(Data records)
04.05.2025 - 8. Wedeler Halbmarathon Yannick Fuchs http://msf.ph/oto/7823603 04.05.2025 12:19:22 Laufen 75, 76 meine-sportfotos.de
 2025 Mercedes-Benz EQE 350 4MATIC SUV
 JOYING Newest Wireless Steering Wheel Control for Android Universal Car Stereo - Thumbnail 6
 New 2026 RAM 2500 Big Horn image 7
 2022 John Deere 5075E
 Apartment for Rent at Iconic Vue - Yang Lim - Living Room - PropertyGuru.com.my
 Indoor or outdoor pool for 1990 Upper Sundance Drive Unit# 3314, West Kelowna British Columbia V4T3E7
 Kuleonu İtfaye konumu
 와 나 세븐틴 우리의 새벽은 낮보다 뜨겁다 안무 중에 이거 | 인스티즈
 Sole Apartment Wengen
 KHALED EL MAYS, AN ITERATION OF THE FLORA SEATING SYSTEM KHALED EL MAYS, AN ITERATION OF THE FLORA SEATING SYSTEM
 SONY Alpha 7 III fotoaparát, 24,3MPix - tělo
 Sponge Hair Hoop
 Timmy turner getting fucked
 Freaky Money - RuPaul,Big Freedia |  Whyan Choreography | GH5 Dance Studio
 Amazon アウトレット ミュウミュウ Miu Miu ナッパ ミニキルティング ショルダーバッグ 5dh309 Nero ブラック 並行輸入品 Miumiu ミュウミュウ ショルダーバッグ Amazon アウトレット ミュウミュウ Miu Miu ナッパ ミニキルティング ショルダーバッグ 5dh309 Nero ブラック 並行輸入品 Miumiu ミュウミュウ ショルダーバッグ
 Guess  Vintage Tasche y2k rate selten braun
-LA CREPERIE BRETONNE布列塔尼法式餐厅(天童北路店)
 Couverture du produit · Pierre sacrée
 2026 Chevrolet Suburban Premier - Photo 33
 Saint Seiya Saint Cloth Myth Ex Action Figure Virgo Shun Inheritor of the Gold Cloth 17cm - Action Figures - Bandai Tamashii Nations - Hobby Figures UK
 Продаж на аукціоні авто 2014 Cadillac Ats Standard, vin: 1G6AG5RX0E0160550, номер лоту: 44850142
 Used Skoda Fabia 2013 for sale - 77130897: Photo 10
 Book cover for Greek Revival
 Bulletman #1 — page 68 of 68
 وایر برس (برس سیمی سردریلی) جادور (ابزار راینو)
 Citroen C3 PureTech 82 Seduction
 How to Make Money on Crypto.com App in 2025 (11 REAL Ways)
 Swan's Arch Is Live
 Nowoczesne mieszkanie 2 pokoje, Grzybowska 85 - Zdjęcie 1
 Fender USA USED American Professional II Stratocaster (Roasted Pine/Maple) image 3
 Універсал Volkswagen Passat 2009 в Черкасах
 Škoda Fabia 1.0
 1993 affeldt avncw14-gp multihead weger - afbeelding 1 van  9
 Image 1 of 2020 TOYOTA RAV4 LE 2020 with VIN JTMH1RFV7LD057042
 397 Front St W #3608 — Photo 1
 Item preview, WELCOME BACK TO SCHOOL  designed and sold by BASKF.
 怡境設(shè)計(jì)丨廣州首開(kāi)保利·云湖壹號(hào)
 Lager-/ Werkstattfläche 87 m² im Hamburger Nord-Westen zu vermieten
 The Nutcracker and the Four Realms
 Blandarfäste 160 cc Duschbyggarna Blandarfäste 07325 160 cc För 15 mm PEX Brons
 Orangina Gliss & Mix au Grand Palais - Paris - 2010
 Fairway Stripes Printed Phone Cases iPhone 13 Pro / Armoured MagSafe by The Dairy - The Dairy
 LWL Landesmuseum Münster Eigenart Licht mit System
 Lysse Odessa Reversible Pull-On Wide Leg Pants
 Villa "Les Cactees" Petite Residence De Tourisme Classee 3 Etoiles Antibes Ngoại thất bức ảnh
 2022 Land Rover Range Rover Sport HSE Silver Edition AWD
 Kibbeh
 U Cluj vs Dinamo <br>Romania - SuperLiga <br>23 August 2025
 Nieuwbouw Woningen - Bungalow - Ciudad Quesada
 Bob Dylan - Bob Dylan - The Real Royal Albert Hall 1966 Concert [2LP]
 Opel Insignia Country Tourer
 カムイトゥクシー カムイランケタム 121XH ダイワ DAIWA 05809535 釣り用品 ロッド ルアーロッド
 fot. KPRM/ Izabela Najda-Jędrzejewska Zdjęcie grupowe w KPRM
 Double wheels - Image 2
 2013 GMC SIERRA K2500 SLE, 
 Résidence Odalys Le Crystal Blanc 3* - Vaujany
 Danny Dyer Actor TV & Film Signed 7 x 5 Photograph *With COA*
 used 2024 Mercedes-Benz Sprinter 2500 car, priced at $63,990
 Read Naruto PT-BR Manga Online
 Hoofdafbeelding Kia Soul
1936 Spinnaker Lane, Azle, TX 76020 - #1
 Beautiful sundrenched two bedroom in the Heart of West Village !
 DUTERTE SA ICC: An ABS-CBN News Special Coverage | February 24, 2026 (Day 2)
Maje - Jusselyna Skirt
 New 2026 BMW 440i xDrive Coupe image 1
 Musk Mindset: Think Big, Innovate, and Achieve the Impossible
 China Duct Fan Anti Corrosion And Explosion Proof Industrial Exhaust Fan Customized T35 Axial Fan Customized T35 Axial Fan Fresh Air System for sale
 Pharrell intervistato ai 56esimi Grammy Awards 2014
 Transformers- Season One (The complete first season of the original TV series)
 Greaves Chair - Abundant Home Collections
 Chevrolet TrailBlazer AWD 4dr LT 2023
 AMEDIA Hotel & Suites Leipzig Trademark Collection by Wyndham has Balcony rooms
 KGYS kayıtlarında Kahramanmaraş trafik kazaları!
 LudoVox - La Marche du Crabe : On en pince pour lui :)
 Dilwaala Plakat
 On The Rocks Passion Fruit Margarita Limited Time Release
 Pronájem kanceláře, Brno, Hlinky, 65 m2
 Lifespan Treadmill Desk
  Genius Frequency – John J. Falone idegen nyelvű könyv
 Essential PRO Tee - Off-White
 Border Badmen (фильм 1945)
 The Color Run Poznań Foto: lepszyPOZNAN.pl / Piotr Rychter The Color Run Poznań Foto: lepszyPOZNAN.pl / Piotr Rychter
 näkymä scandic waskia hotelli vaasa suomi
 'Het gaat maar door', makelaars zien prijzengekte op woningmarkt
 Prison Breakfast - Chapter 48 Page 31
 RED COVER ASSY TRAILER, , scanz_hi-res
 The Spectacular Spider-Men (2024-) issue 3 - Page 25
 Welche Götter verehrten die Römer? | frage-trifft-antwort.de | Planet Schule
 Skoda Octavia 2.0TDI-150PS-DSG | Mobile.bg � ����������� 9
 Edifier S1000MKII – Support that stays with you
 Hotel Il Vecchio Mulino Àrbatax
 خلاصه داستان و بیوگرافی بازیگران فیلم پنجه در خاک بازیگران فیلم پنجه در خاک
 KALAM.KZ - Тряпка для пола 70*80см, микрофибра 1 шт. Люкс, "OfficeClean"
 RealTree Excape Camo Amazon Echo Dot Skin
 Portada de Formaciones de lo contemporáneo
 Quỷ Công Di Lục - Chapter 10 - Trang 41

> **Assignment**:
Provide a verbatim copy of all the entries.

> **Written response**:
04.05.2025 - 8. Wedeler Halbmarathon Yannick Fuchs http://msf.ph/oto/7823603 04.05.2025 12:19:22 Laufen 75, 76 meine-sportfotos.de
 2025 Mercedes-Benz EQE 350 4MATIC SUV
 JOYING Newest Wireless Steering Wheel Control for Android Universal Car Stereo - Thumbnail 6
 New 2026 RAM 2500 Big Horn image 7
 2022 John Deere 5075E
 Apartment for Rent at Iconic Vue - Yang Lim - Living Room - PropertyGuru.com.my
 Indoor or outdoor pool for 1990 Upper Sundance Drive Unit# 3314, West Kelowna British Columbia V4T3E7
 Kuleonu İtfaye konumu
 와 나 세븐틴 우리의 새벽은 낮보다 뜨겁다 안무 중에 이거 | 인스티즈
 Sole Apartment Wengen
 KHALED EL MAYS, AN ITERATION OF THE FLORA SEATING SYSTEM KHALED EL MAYS, AN ITERATION OF THE FLORA SEATING SYSTEM
 SONY Alpha 7 III fotoaparát, 24,3MPix - tělo
 Sponge Hair Hoop
 Timmy turner getting fucked
 Freaky Money - RuPaul,Big Freedia |  Whyan Choreography | GH5 Dance Studio
 Amazon アウトレット ミュウミュウ Miu Miu ナッパ ミニキルティング ショルダーバッグ 5dh309 Nero ブラック 並行輸入品 Miumiu ミュウミュウ ショルダーバッグ Amazon アウトレット ミュウミュウ Miu Miu ナッパ ミニキルティング ショルダーバッグ 5dh309 Nero ブラック 並行輸入品 Miumiu ミュウミュウ ショルダーバッグ
 Guess  Vintage Tasche y2k rate selten braun
-LA CREPERIE BRETONNE布列塔尼法式餐厅(天童北路店)
 Couverture du produit · Pierre sacrée
 2026 Chevrolet Suburban Premier - Photo 33
 Saint Seiya Saint Cloth Myth Ex Action Figure Virgo Shun Inheritor of the Gold Cloth 17cm - Action Figures - Bandai Tamashii Nations - Hobby Figures UK
 Продаж на аукціоні авто 2014 Cadillac Ats Standard, vin: 1G6AG5RX0E0160550, номер лоту: 44850142
 Used Skoda Fabia 2013 for sale - 77130897: Photo 10
 Book cover for Greek Revival
 Bulletman #1 — page 68 of 68
 وایر برس (برس سیمی سردریلی) جادور (ابزار راینو)
 Citroen C3 PureTech 82 Seduction
 How to Make Money on Crypto.com App in 2025 (11 REAL Ways)
 Swan's Arch Is Live
 Nowoczesne mieszkanie 2 pokoje, Grzybowska 85 - Zdjęcie 1
 Fender USA USED American Professional II Stratocaster (Roasted Pine/Maple) image 3
 Універсал Volkswagen Passat 2009 в Черкасах
 Škoda Fabia 1.0
 1993 affeldt avncw14-gp multihead weger - afbeelding 1 van  9
 Image 1 of 2020 TOYOTA RAV4 LE 2020 with VIN JTMH1RFV7LD057042
 397 Front St W #3608 — Photo 1
 Item preview, WELCOME BACK TO SCHOOL  designed and sold by BASKF.
 怡境設(shè)計(jì)丨廣州首開(kāi)保利·云湖壹號(hào)
 Lager-/ Werkstattfläche 87 m² im Hamburger Nord-Westen zu vermieten
 The Nutcracker and the Four Realms
 Blandarfäste 160 cc Duschbyggarna Blandarfäste 07325 160 cc För 15 mm PEX Brons
 Orangina Gliss & Mix au Grand Palais - Paris - 2010
 Fairway Stripes Printed Phone Cases iPhone 13 Pro / Armoured MagSafe by The Dairy - The Dairy
 LWL Landesmuseum Münster Eigenart Licht mit System
 Lysse Odessa Reversible Pull-On Wide Leg Pants
 Villa "Les Cactees" Petite Residence De Tourisme Classee 3 Etoiles Antibes Ngoại thất bức ảnh
 2022 Land Rover Range Rover Sport HSE Silver Edition AWD
 Kibbeh
 U Cluj vs Dinamo <br>Romania - SuperLiga <br>23 August 2025
 Nieuwbouw Woningen - Bungalow - Ciudad Quesada
 Bob Dylan - Bob Dylan - The Real Royal Albert Hall 1966 Concert [2LP]
 Opel Insignia Country Tourer
 カムイトゥクシー カムイランケタム 121XH ダイワ DAIWA 05809535 釣り用品 ロッド ルアーロッド
 fot. KPRM/ Izabela Najda-Jędrzejewska Zdjęcie grupowe w KPRM
 Double wheels - Image 2
 2013 GMC SIERRA K2500 SLE, 
 Résidence Odalys Le Crystal Blanc 3* - Vaujany
 Danny Dyer Actor TV & Film Signed 7 x 5 Photograph *With COA*
 used 2024 Mercedes-Benz Sprinter 2500 car, priced at $63,990
 Read Naruto PT-BR Manga Online
 Hoofdafbeelding Kia Soul
1936 Spinnaker Lane, Azle, TX 76020 - #1
 Beautiful sundrenched two bedroom in the Heart of West Village !
 DUTERTE SA ICC: An ABS-CBN News Special Coverage | February 24, 2026 (Day 2)
Maje - Jusselyna Skirt
 New 2026 BMW 440i xDrive Coupe image 1
 Musk Mindset: Think Big, Innovate, and Achieve the Impossible
 China Duct Fan Anti Corrosion And Explosion Proof Industrial Exhaust Fan Customized T35 Axial Fan Customized T35 Axial Fan Fresh Air System for sale
 Pharrell intervistato ai 56esimi Grammy Awards 2014
 Transformers- Season One (The complete first season of the original TV series)
 Greaves Chair - Abundant Home Collections
 Chevrolet TrailBlazer AWD 4dr LT 2023
 AMEDIA Hotel & Suites Leipzig Trademark Collection by Wyndham has Balcony rooms
 KGYS kayıtlarında Kahramanmaraş trafik kazaları!
 LudoVox - La Marche du Crabe : On en pince pour lui :)
 Dilwaala Plakat
 On The Rocks Passion Fruit Margarita Limited Time Release
 Pronájem kanceláře, Brno, Hlinky, 65 m2
 Lifespan Treadmill Desk
  Genius Frequency – John J. Falone idegen nyelvű könyv
 Essential PRO Tee - Off-White
 Border Badmen (фильм 1945)
 The Color Run Poznań Foto: lepszyPOZNAN.pl / Piotr Rychter The Color Run Poznań Foto: lepszyPOZNAN.pl / Piotr Rychter
 näkymä scandic waskia hotelli vaasa suomi
 'Het gaat maar door', makelaars zien prijzengekte op woningmarkt
 Prison Breakfast - Chapter 48 Page 31
 RED COVER ASSY TRAILER, , scanz_hi-res
 The Spectacular Spider-Men (2024-) issue 3 - Page 25
 Welche Götter verehrten die Römer? | frage-trifft-antwort.de | Planet Schule
 Skoda Octavia 2.0TDI-150PS-DSG | Mobile.bg � ����������� 9
 Edifier S1000MKII – Support that stays with you
 Hotel Il Vecchio Mulino Àrbatax
 خلاصه داستان و بیوگرافی بازیگران فیلم پنجه در خاک بازیگران فیلم پنجه در خاک
 KALAM.KZ - Тряпка для пола 70*80см, микрофибра 1 шт. Люкс, "OfficeClean"
 RealTree Excape Camo Amazon Echo Dot Skin
 Portada de Formaciones de lo contemporáneo
 Quỷ Công Di Lục - Chapter 10 - Trang 41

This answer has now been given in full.